This model, illustrated in Fig. 3, guarantees confidentiality, integrity, and real-time adaptability through a streamlined key derivation and encryption process. A lightweight key management system employs a dictionary to store keys alongside their timestamps, retaining only the most recent key. This approach reduces memory use and improves speed by securely deleting old keys–a technique called crypto-shredding–that ensures past data stays locked forever. Built for challenging, high-demand systems like smart grids, it performs reliably in real-world scenarios, protecting data privacy and supporting GDPR compliance by making secure data removal simpler than traditional methods.
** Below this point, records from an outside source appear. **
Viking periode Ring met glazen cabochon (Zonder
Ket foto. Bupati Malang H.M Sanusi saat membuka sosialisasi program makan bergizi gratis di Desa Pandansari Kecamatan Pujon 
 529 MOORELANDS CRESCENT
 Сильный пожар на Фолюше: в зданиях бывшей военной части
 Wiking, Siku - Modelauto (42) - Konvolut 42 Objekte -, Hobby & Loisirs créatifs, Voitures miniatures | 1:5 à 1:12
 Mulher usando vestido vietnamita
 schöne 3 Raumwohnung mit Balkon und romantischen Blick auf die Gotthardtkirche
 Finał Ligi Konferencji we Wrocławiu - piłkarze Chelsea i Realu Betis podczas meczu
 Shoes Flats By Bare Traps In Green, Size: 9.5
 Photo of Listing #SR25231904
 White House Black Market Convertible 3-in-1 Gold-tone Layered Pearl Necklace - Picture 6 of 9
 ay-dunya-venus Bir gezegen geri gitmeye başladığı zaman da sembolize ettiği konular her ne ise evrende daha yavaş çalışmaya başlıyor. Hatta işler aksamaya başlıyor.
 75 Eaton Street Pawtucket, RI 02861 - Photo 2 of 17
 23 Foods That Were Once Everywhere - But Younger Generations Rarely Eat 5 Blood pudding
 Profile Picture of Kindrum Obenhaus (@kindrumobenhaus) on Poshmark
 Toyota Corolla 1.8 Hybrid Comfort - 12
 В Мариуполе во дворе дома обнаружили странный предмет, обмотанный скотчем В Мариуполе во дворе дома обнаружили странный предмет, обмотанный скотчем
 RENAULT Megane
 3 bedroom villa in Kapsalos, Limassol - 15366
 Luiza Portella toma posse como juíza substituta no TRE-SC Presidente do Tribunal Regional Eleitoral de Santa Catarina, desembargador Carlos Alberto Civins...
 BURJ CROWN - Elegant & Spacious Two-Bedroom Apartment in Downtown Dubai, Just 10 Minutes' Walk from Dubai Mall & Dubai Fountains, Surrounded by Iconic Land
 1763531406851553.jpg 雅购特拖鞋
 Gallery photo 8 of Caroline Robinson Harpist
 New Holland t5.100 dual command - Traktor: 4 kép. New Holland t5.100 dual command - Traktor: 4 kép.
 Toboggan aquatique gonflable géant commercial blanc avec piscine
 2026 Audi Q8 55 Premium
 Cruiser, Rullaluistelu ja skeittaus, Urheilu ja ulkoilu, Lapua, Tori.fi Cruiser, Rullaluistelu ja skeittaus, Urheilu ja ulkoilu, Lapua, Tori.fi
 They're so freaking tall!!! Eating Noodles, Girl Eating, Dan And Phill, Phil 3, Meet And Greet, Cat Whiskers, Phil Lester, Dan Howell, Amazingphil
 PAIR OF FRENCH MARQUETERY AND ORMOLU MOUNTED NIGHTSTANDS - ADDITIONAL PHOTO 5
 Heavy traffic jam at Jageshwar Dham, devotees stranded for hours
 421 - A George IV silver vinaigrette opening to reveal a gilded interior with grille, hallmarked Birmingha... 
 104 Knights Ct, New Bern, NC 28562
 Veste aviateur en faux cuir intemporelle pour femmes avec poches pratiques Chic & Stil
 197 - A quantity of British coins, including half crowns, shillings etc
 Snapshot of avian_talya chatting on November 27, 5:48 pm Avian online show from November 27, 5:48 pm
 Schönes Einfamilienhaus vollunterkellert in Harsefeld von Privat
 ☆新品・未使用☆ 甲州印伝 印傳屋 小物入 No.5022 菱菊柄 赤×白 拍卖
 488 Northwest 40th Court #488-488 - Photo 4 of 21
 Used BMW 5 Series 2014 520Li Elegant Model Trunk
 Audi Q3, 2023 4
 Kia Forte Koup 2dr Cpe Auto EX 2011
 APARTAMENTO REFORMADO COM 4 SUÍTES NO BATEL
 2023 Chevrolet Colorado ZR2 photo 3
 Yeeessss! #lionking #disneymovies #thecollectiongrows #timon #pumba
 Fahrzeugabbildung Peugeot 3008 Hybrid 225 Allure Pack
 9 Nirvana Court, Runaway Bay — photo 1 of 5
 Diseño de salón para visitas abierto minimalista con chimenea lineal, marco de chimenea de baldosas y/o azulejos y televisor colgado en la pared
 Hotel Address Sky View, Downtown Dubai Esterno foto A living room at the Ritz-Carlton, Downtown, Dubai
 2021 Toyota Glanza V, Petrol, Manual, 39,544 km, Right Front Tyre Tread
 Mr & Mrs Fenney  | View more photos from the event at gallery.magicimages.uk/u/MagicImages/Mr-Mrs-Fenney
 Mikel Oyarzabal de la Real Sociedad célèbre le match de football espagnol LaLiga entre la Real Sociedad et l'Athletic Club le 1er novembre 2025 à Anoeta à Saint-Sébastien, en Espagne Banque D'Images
The encryption key is seeded by a UTC timestamp \(T_t = \text {YYYYMMDDHHMM}\), updated every minute, encoded as \(K_t = \text {Base64}(\text {UTF8}(T_t))\), yielding approximately 20 bits of entropy (\(\approx 2^{20}\) unique values monthly). This seed is hashed with BLAKE3 as \(K'_t = \text {BLAKE3}(K_t)\), or, with an optional 256-bit secret salt \(s\) for enhanced security, as \(K'_t = \text {BLAKE3}(s \parallel K_t)\), where \(\parallel\) denotes concatenation, achieving a \(2^{256}\) brute-force resistance due to BLAKE3’s \(2^{256}\) pre-image resistance and \(2^{-128}\) collision probability. The 256-bit key \(K'_t\) drives AES-256-CBC encryption. A random 128-bit initialization vector (IV) initializes the chain, as \(C_0 = IV\), with \(2^{128}\) guess complexity. The plaintext \(P\) is padded via PKCS7 as \(P' = P \parallel \underbrace{b \, b \, \cdots \, b}_{b \text { times}}\), where \(b\) (1 to 16) is the padding byte count. Each 128-bit padded plaintext block \(P'_i\) is encrypted as \(C_i = E_{K'_t}(P'_i \oplus C_{i-1})\), for \(i = 1, 2, \dots , n\), where \(E_{K'_t}\) is AES-256 encryption, \(\oplus\) is XOR, and \(C_{i-1}\) is the prior ciphertext block, ensuring IND-CPA security and diffusion. The framework achieves a \(2^{256}\) key space, \(2^{20}\) monthly temporal permutations, and \(2^{128}\) IV complexity, with \(O(n)\) encryption complexity for \(n\) blocks and minor latency via a 1-second polling loop. This combination of dynamic key refresh, cryptographic strength, and real-time performance makes it an ideal solution for securing ICS data in critical infrastructure.

Results and discussions

The results achieved in this study demonstrated the effectiveness of the proposed cybersecurity framework in securing the ICS environment. The comparison shows that it handles complex and unbalanced data well, and the security methods keep the data safe and unchanged. Comparative analysis validated its robustness in handling complex, imbalanced datasets. Forensic tests and analysis provided us with critical post-attack insights, improving threat identification. To further validate the performance, various split percentages have been used such as a 70-30 split for training and testing initially where test set is completely unseen by the model during training. Furthermore a 70-15-15, 80-10-10, 60-20-20 and 70-20-10 split percentages have been evaluated for training, testing and validation respectively. This approach not only gave us good results but have also generalized the models performance. Additionally a K-fold method of 5 folds has been used to evaluate, generalize results and prevent overfitting.

Binary classification

The Random Forest Classifier, demonstrates exceptional performance in detecting anomalies within ICS traffic, achieving perfect accuracy, precision, recall, and F1-scores across all classes. By applying strategic transformations to normal data and employing SMOTE to address class imbalance.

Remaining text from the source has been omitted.